Standard C library (libc, -lc)

SYNOPSIS

#include <unistd.h>
char *getcwd(char buf[.size], size_t size);
char *get_current_dir_name(void);
[[deprecated]] char *getwd(char buf[PATH_MAX]);

Feature Test Macro Requirements for glibc (see feature_test_macros(7)):

get_current_dir_name():


_GNU_SOURCE

getwd():


Since glibc 2.12:
(_XOPEN_SOURCE >= 500) && ! (_POSIX_C_SOURCE >= 200809L)
|| /* glibc >= 2.19: */ _DEFAULT_SOURCE
|| /* glibc <= 2.19: */ _BSD_SOURCE
Before glibc 2.12:
_BSD_SOURCE || _XOPEN_SOURCE >= 500

DESCRIPTION

These functions return a null-terminated string containing an absolute pathname that is the current working directory of the calling process. The pathname is returned as the function result and via the argument buf, if present.

The getcwd() function copies an absolute pathname of the current working directory to the array pointed to by buf, which is of length size.

If the length of the absolute pathname of the current working directory, including the terminating null byte, exceeds size bytes, NULL is returned, and errno is set to ERANGE; an application should check for this error, and allocate a larger buffer if necessary.

As an extension to the POSIX.1-2001 standard, glibc's getcwd() allocates the buffer dynamically using malloc(3) if buf is NULL. In this case, the allocated buffer has the length size unless size is zero, when buf is allocated as big as necessary. The caller should free(3) the returned buffer.

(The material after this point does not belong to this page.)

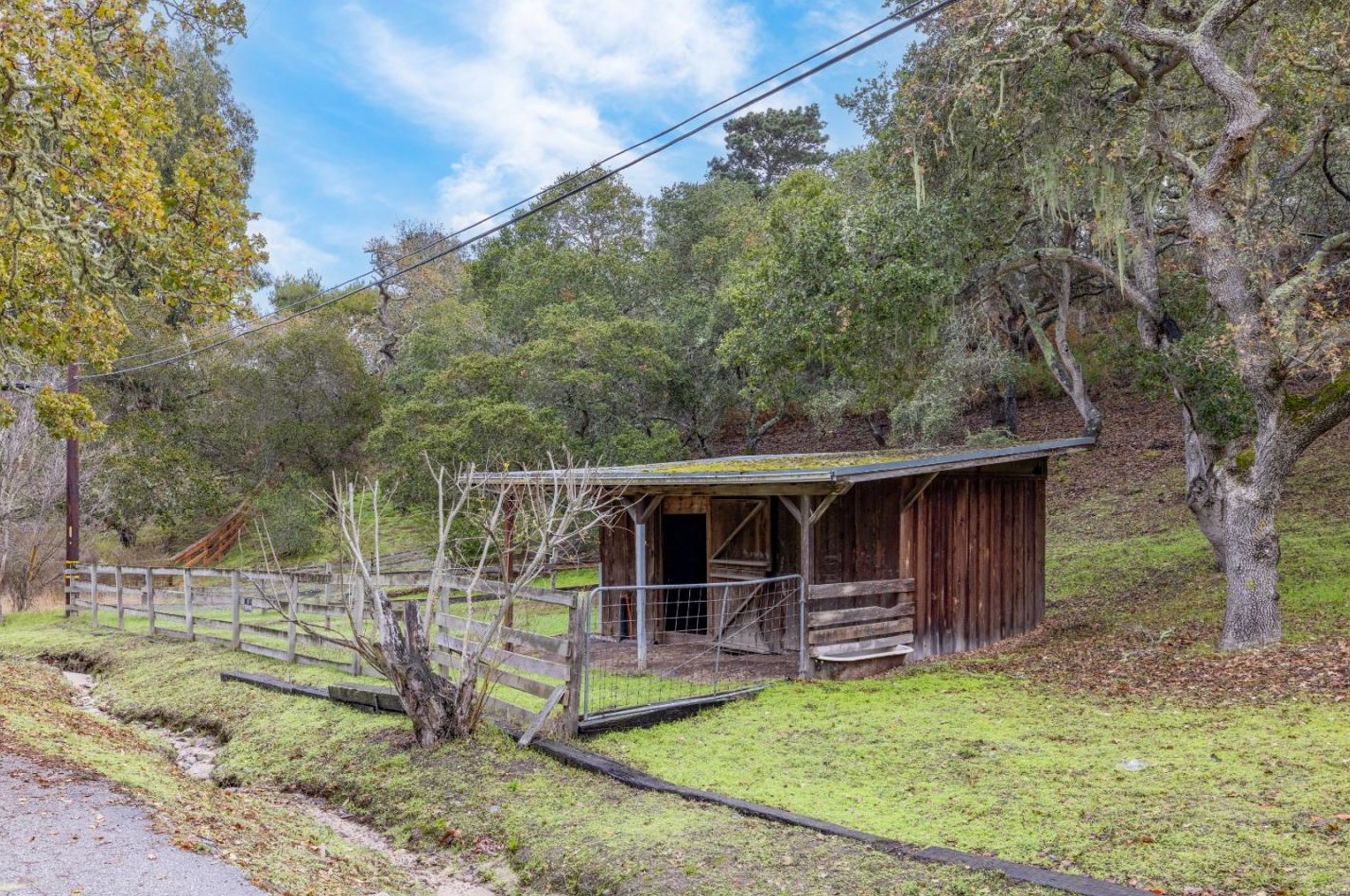 70 Corral De Tierra Rd, Salinas CA  93908-9485 exterior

get_current_dir_name() will malloc(3) an array big enough to hold the absolute pathname of the current working directory. If the environment variable PWD is set, and its value is correct, then that value will be returned. The caller should free(3) the returned buffer.

getwd() does not malloc(3) any memory. The buf argument should be a pointer to an array at least PATH_MAX bytes long. If the length of the absolute pathname of the current working directory, including the terminating null byte, exceeds PATH_MAX bytes, NULL is returned, and errno is set to ENAMETOOLONG. (Note that on some systems, PATH_MAX may not be a compile-time constant; furthermore, its value may depend on the filesystem, see pathconf(3).) For portability and security reasons, use of getwd() is deprecated.

RETURN VALUE

On success, these functions return a pointer to a string containing the pathname of the current working directory. In the case of getcwd() and getwd() this is the same value as buf.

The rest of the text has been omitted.